◆ RECORDS SHOWN:
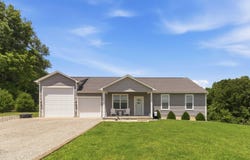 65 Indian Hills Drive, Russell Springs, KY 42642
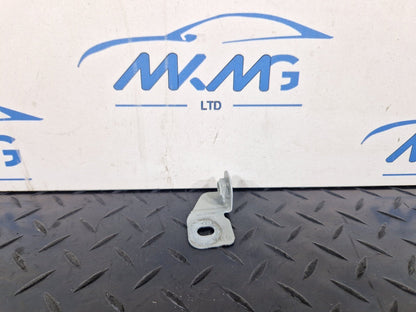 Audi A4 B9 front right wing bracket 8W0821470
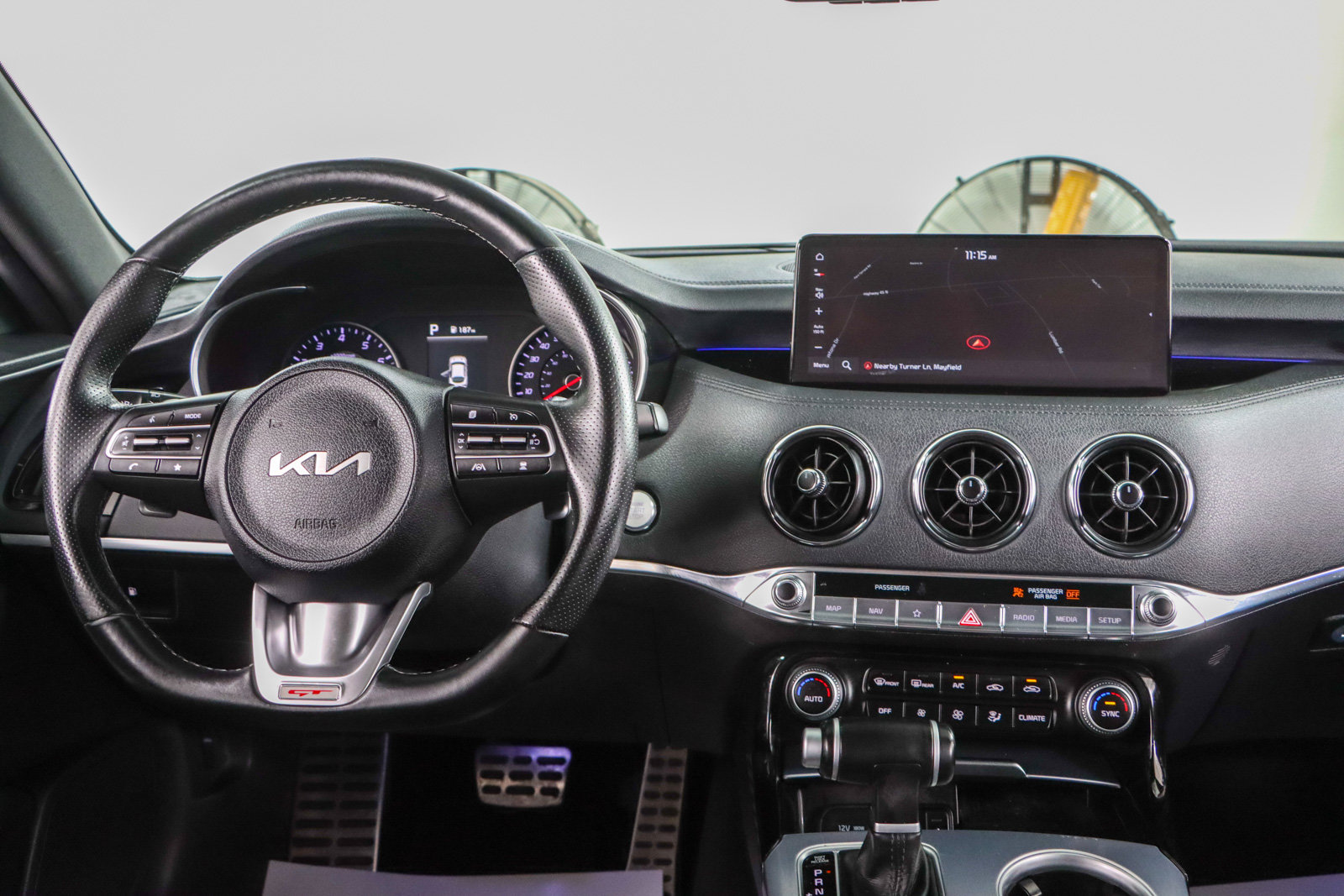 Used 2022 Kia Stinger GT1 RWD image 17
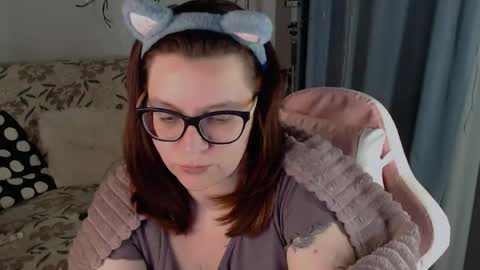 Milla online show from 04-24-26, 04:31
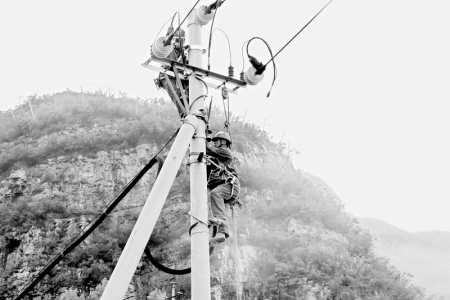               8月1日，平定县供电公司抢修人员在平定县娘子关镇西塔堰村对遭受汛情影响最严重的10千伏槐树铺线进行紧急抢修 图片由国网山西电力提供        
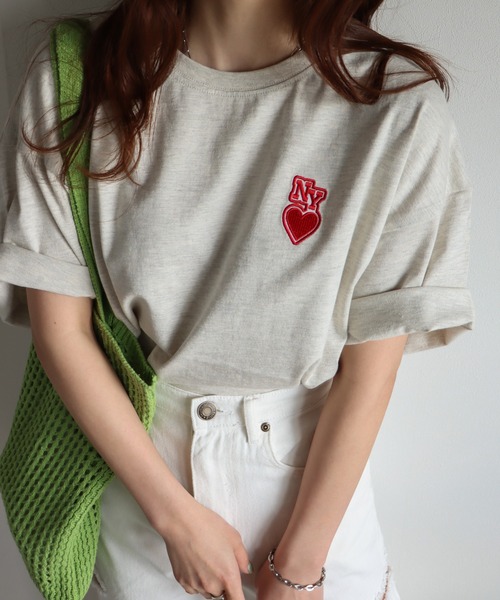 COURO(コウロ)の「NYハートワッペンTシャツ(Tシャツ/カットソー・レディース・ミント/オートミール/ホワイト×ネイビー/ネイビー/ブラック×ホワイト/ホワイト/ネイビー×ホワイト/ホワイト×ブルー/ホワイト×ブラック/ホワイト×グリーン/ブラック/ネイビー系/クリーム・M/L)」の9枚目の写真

◆ ACTIVITY:
Reprint the data verbatim, pictures excluded.

◆ RESULT BELOW:
 65 Indian Hills Drive, Russell Springs, KY 42642
 Audi A4 B9 front right wing bracket 8W0821470
 Used 2022 Kia Stinger GT1 RWD image 17
 Milla online show from 04-24-26, 04:31
               8月1日，平定县供电公司抢修人员在平定县娘子关镇西塔堰村对遭受汛情影响最严重的10千伏槐树铺线进行紧急抢修 图片由国网山西电力提供        
 COURO(コウロ)の「NYハートワッペンTシャツ(Tシャツ/カットソー・レディース・ミント/オートミール/ホワイト×ネイビー/ネイビー/ブラック×ホワイト/ホワイト/ネイビー×ホワイト/ホワイト×ブルー/ホワイト×ブラック/ホワイト×グリーン/ブラック/ネイビー系/クリーム・M/L)」の9枚目の写真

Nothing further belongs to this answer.